You are viewing a plain text version of this content. The canonical link for it is here.

Posted to common-user@hadoop.apache.org by Rob Stewart <ro...@googlemail.com> on 2010/12/20 03:17:29 UTC

Hadoop Scalability - A Case Study: Concordance

Hi All,

I recently entered an Hadoop implementation for the SICSA Muticore
Challenge, held last week:
http://www.macs.hw.ac.uk/sicsawiki/index.php/Challenge_PhaseI

The aim was to implement the concordance application, in whichever
language, or framework you felt best.
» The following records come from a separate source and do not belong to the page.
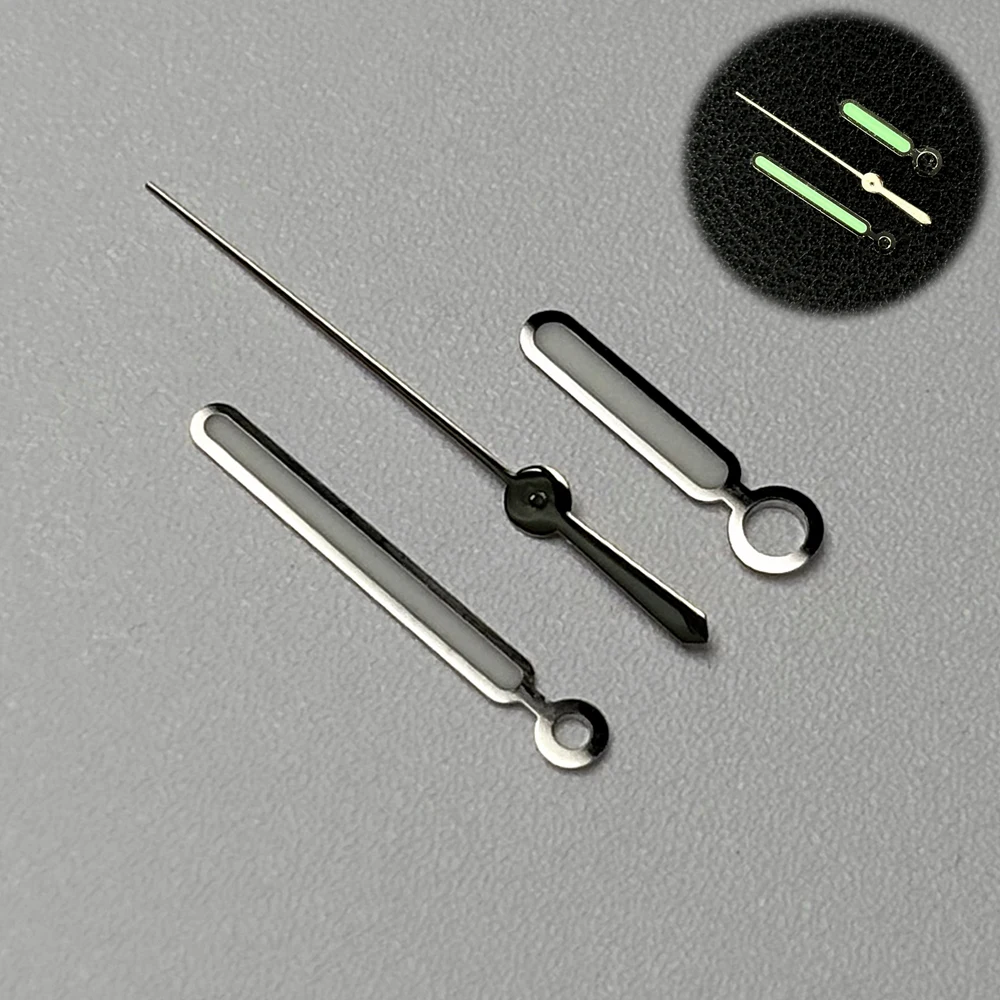 Cassa per orologio stile Nautilus quadrata ultrasottile da 38 mm Movimento adatto NH34 NH35 NH36 Per cassa dell'orologio quadrata NH35 Orologio quadrato alla moda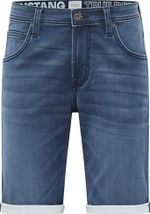 Шорты Chicago Shorts Z 1016351-4136
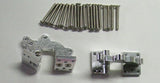 Skymaster A-10 1:4.75 ARF Plus Pro
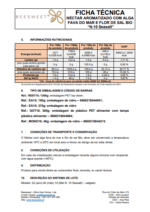 SaL-nº2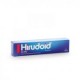 HIRUDOID GEL 50 GR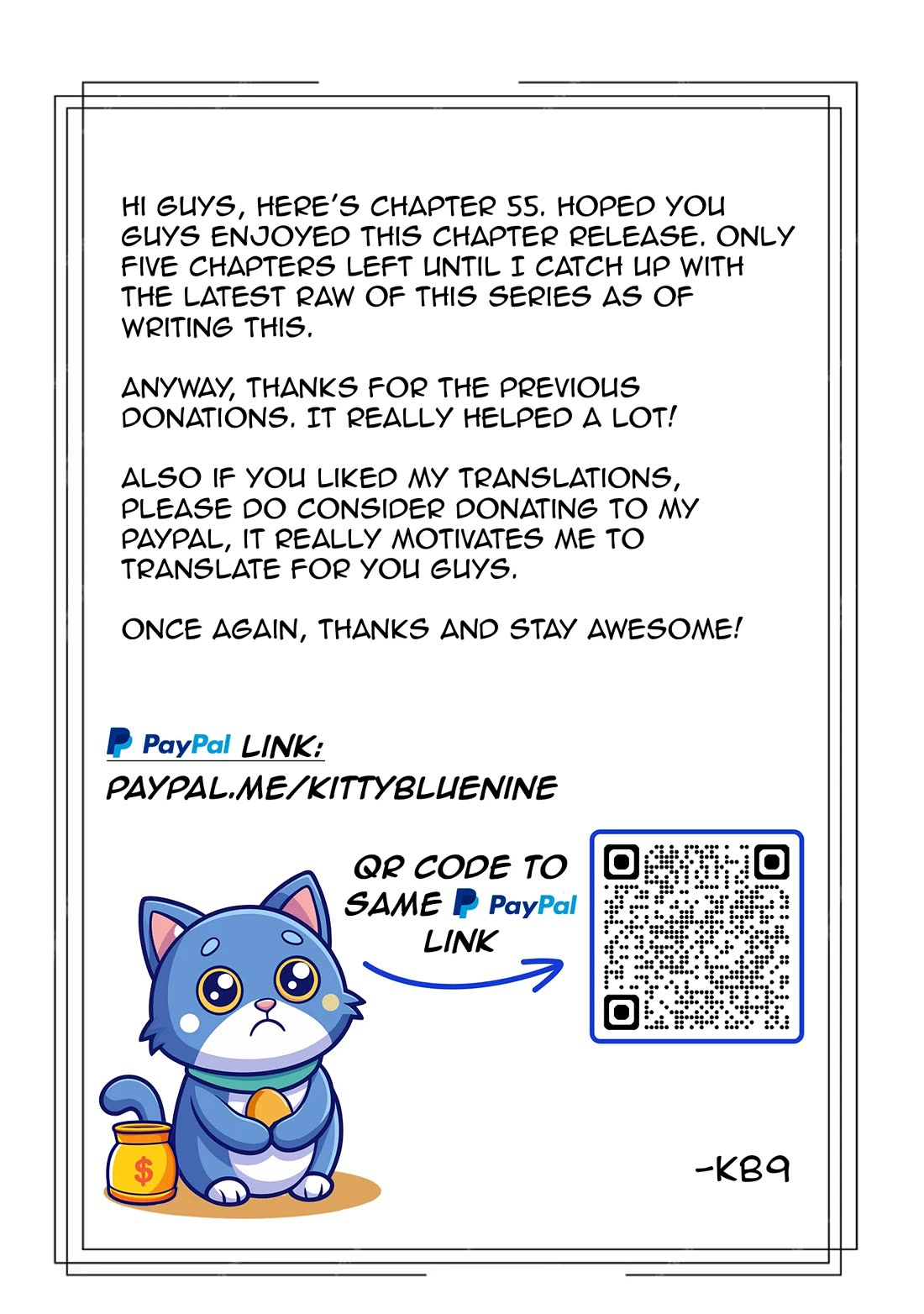 Welcome to Japan, Elf-san. Chapter 55 page 25 - Chapter 55: Let’s Go to The Land of Dreams and Magic Part 6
We ended up comparing a wide
variety, including Erlang, Parallel Haskell, Java with Fork/Join, and
OpenMP, amongst others.

Whilst most implementations gave very low runtime for very small
inputs, Hadoop was not able (and is not designed) to do so. But where
the Hadoop implementation shone through, was the scaling of input
size. I have written a summary of my implementation, optimizations,
and put a link to the complete set of slides I presented, at this
address:

http://www.macs.hw.ac.uk/~rs46/multicore_challenge1/

Perhaps the highlight of these results is (running on 16 nodes):
Benchmark 1
---
Input File: Bible.txt - 801,541 words
Runtime: 36 seconds

Benchmark 2
---
Input File: ascii100MB.txt - 18,030,005 words
Runtime: 65 seconds

That is an increase multiplier for input size of 22.5, but an increase
in runtime of just 1.8.
------------

Feedback would be welcome. It was interesting to see that some of the
shared memory implementations were not able to compute the 100mb file
without Out-Of-Memory errors. This was not a problem for Hadoop.

There is a plan to hold another Multicore Challenge, in May 2011. If
anyone wants to make any inquiries, I suggest you get in touch with
the faciliator, Hans-Wolfgang Loidl, who's named at the bottom of this
page:
http://www.sicsa.ac.uk/news/sicsa-multicore-challenge

Regards,


Rob Stewart